Pratap Kumar Ray, J.@mdashHeard the learned Advocates appearing for the parties.

2. Assailing the order dated 26th February, 2010 passed by the learned Trial Judge in W.P. No. 1147 of 2005, this appeal has been preferred.

The impugned order reads such:

The Court : The subject matter of challenge in this writ petition is a valuation made by the KMC at Rs.5 lakh for the quarter commencing from 4th

quarter of the financial year 2001-02. The KMC by its notice dated 13th December, 2002 proposed the annual valuation of Rs. 6,78,830/- on the

following amongst other grounds:

i) Revision in area and/or rise to market value of land.

ii) Increase in estimated annual rent (less statutory allowance for repairs) on account of (a) redevelopment, addition, alteration or improvement, (b)

rise of rent since last valuation, (c) change of the nature of use.

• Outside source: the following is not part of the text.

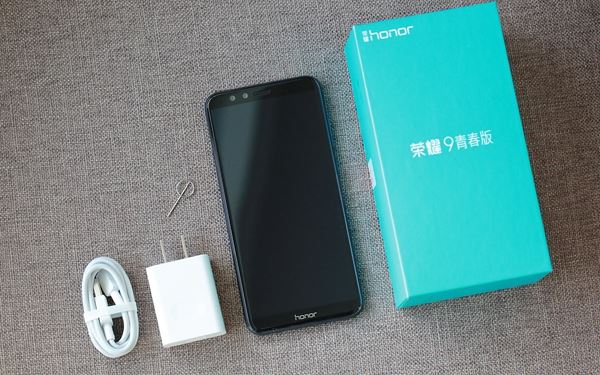 荣耀9青春版怎么装卡/插卡?华为荣耀9青春版SIM卡安装详细图文步骤 荣耀9青春版怎么装卡/插卡?华为荣耀9青春版SIM卡安装详细图文步骤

The writ petitioner filed an objection dated 11th January, 2003. In the objection not a word dealing with the grounds of revision was spent. The

KMC in its affidavit-in-opposition in paragraph 5 sought to justify the valuation made at Rs.5 lakh on the grounds as follows :

In the enquiry I was found a portion of the premises is being used as Nursing Home etc., by the tenant. However, the portion of the premises is

being used for non-residential or commercial purpose being a Nursing Home and as such, the same is a factor for letting out value of the premises

for the purpose of determination of Annual Valuation. Considering these aspects including the objection an fresh inquiry report, the Annual

Valuation was fixed at Rs.5 lac and now the petitioner, if aggrieved by the such fixation, is required to approach the Tribunal for challenging the

same.

In the affidavit-in-reply the aforesaid allegations to be found in the affidavit-in-opposition were not dealt with. Therefore, prima facie the grounds

assigned by the KMC for upward revision of the valuation appear to have some justification.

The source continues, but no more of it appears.